In our use case there are many ways that many different types of files may end up containing unescaped user input. I suspect this means file_get_contents() itself should be considered a taint source. It sounds like Vimeo might be comfortable considering files a safe input source in general. My team is not. If this is not a configurable feature that Vimeo is interested in, I can implement it via stubs or a plugin.

weirdan commented 1 year ago

Vimeo has had almost no involvement in Psalm since after Matt (the original author) left the company. To my knowledge, none of the current maintainers is a Vimeo employee (I'm certainly not), so whatever our position may be on any given issue, it should not be interpreted as Vimeo's.

With that, hopefully, cleared up, I'm not against discussing this particular feature, its pros and contras and arriving at a viable implementation. Discussions like this tend to involve some explanations (never intended as patronising), requests for clarifications and a grain of scepticism, all intended to improve this project.

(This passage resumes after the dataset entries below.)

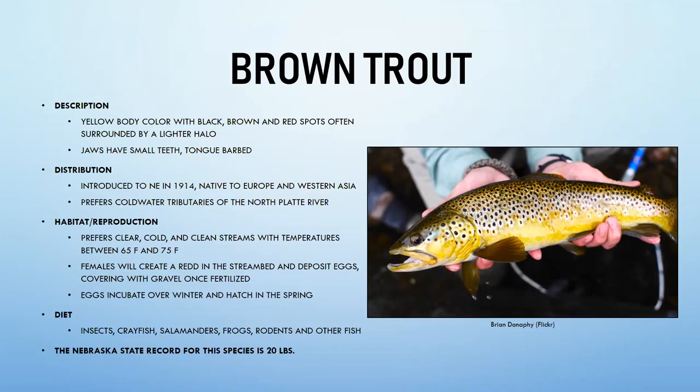Female brown trout create a redd by using their tail to excavate a depression in the riverbed. After fertilization, she moves gravel back over the eggs, which incubate over winter and hatch in the spring. The largest brown trout caught in Nebraska weighed 20 pounds.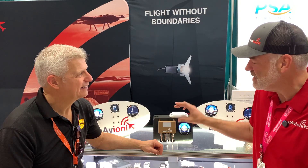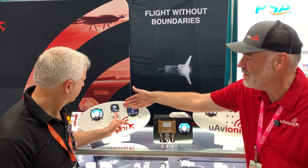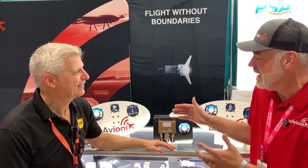Jeff says he loves the AV20 and AV30 and expects new products at Oshkosh as well. Shane confirms they're never short on innovation, highlighting the GPS antenna, Echo ESX, and AV30 together. On the experimental side, the control head can be either the AV30 or AV20. Jeff notes this product was a surprise — he thought he was on the inside track but didn't see it coming — and the reaction has been very positive.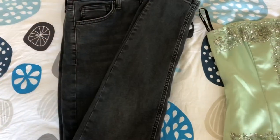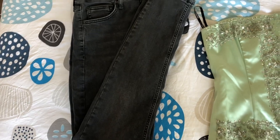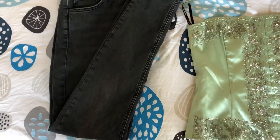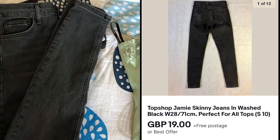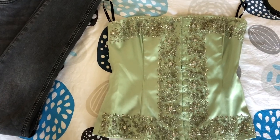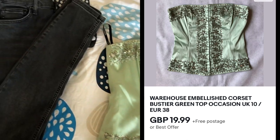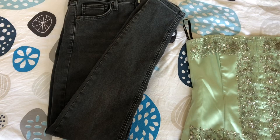The two items I have sold are this pair of black jeans — I actually bought them for two pounds at a car boot sale and sold them for 19 pounds including postage. And this corset, which I also got for two pounds at a car boot sale and sold for 15 pounds including postage. So yeah, it's not really bad sales. I'm quite grateful that they've actually sold.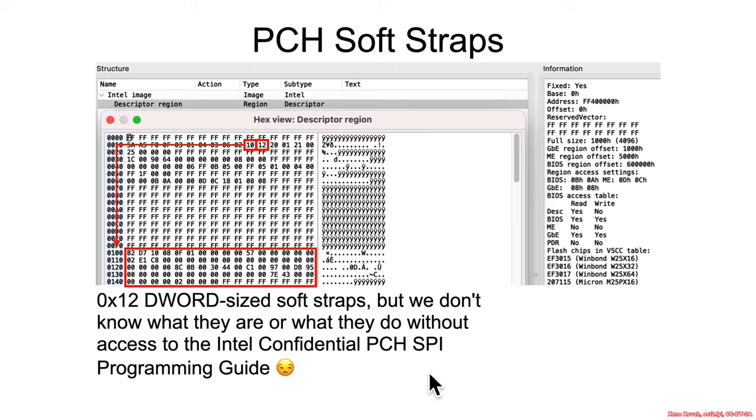Unfortunately, there's not really anything I can tell you about that, given the fact that these are described in the confidential documentation of Intel. So unless you go sign an Intel NDA or you go find some leaked documentation, there's nothing you can really know about that.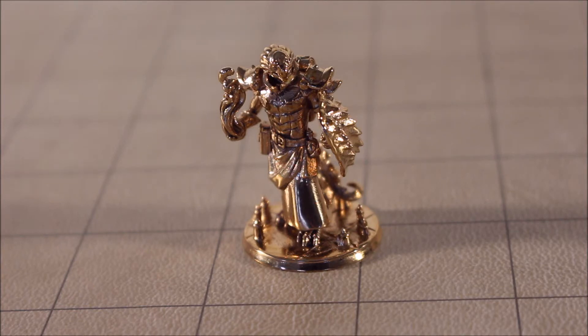Hi, welcome to How to D&D. My name is Fred Wheeler and today I want to show you my Dragonborn Sorcerer, Paladin, Fighter miniature.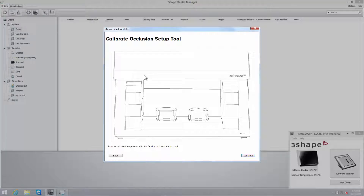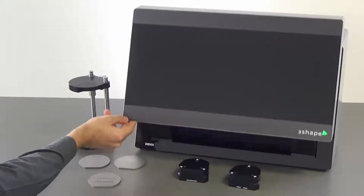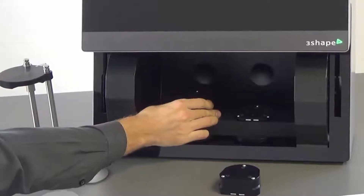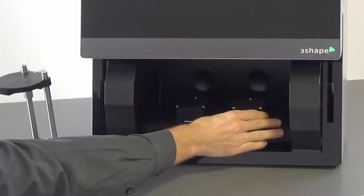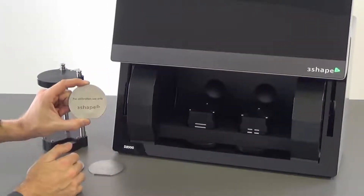A new pop-out window will show you how to place the plates in the scanner. If you are using a large interior scanner, the plates need to be situated on the scan height adapter. The plates are always calibrated one at a time, even if you are using the D2000 scanner, since there is only one calibration plate in the set.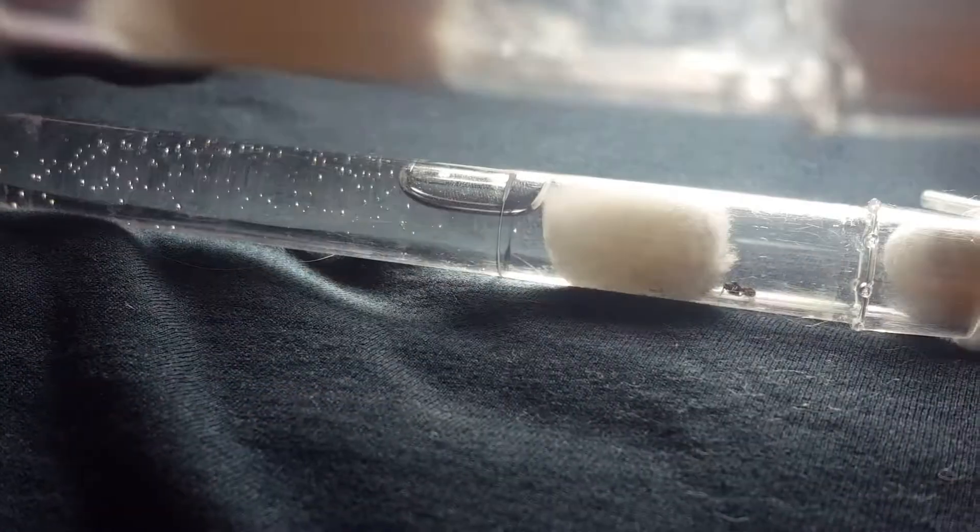Alright, so there we go. Got a little sugar water down there. Let's see if I can get a nice close-up shot of the eggs. There we go — one, two, three, four, five, six eggs it looks like. And there's the queen.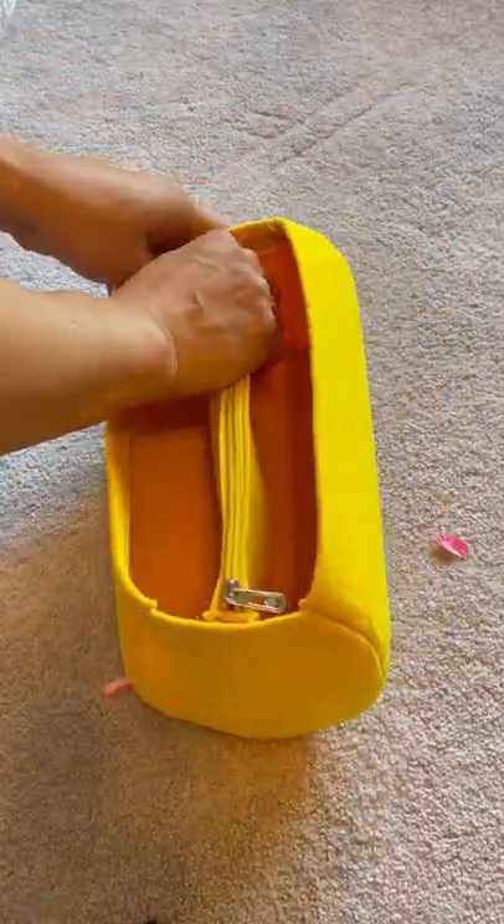It was made from polyester felt material. The felt is pretty thick so it should keep the bag in shape pretty well.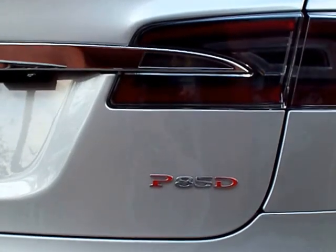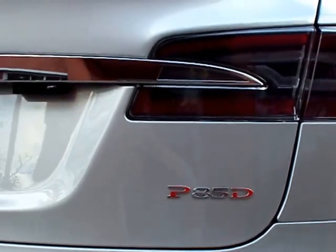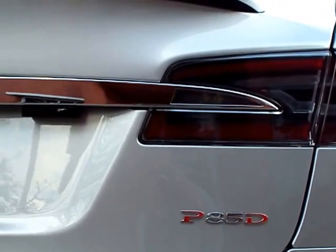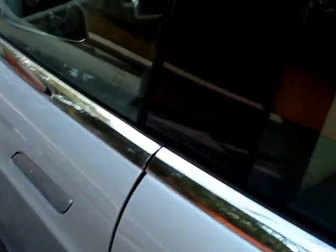We have a 2015 Tesla Model S P85D. You can see in the back already the rear laser shifter pro. This particular car was outfitted with a 9500 CI with front and rear laser shifter pro at customer request.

mmcev106 commented 1 year ago

Interesting history on the project... Thanks for sharing.

I help maintain a third party "module" repository for REDCap. It might be easiest to think of my role as similar to whomever is the gatekeeper for approving WordPress plugin submissions. I have seen cases where module authors do things like the following:

file_put_contents('some/dir/config.json', json_encode([
    'someOption' => $_GET['value']
]));

Then reference the user supplied value later as follows:

$config = json_decode(file_get_contents('some/dir/config.json'), true);
echo $config['someOption'];

Another common example includes file uploads that are saved for later processing. I don't think it is reasonable to assume that all third parties will correctly mark taint sources in their submitted code. Marking all file sources as tainted by default is likely the most appropriate solution, since it leads to review of each individual case. I suspect similar risks exist in any low-code development platform that allows third party plugins.

weirdan commented 1 year ago

Do you think it's reasonable to expect uploaded files to be stored in some pre-defined directories? This could help limit the false positives marking all of the filesystem functions as taint sources would cause.

Also, given your example, would it not make more sense to consider the second argument of file_put_contents() as a taint sink, nipping the issue in the bud?

mmcev106 commented 1 year ago

While we may technically be able to find a way to police user sourced file locations, I'm not sure this is logistically or politically feasible across all installations and third party modules and servers worldwide. I suspect marking file_get_contents() and similar methods as a taint source is much more feasible in this case.

I'm not sure pre-escaping any content written to files would work, as the type of escaping necessary is not known until usage time. We wouldn't have a way of knowing whether to HTML escape the input, check for path traversal attacks, SQL injection, etc.

weirdan commented 1 year ago

While we may technically be able to find a way to police user sourced file locations, I'm not sure this is logistically or politically feasible across all installations and third party modules and servers worldwide.

I was thinking about a config knob in psalm.xml so users can configure it to match their folder structure. E.g.

<psalm>
  <userGeneratedFiles>
     <directory name="app/storage/uploads" />
     <directory name="storage/avatars" />
     <!-- and so on -->
  </userGeneratedFiles>
</psalm>
mmcev106 commented 1 year ago

I like the idea. I'm struggling to see how it would work though, as the paths can be system dependent (sometimes sourced from database values, environment variables, etc.).

mmcev106 commented 1 year ago

Well, I guess I'll do my own thing in a stub or plugin. @weirdan, if you'd like me to try and build anything into psalm directly, let me know.